** AVAILABLE DATA follows **

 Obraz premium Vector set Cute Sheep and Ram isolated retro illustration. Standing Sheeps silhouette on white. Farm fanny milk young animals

** End of AVAILABLE DATA **
** AVAILABLE DATA follows **

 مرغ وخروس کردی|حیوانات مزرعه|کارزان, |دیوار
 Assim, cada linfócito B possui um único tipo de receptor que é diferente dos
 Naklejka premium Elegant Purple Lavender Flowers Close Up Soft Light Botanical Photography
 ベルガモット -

** End of AVAILABLE DATA **

* [EXERCISE PROMPT]: Look through the entries and copy every line in which the string "premium" appears.

* [OUTPUT FOR THIS TASK]:
 Obraz premium Vector set Cute Sheep and Ram isolated retro illustration. Standing Sheeps silhouette on white. Farm fanny milk young animals
 Naklejka premium Elegant Purple Lavender Flowers Close Up Soft Light Botanical Photography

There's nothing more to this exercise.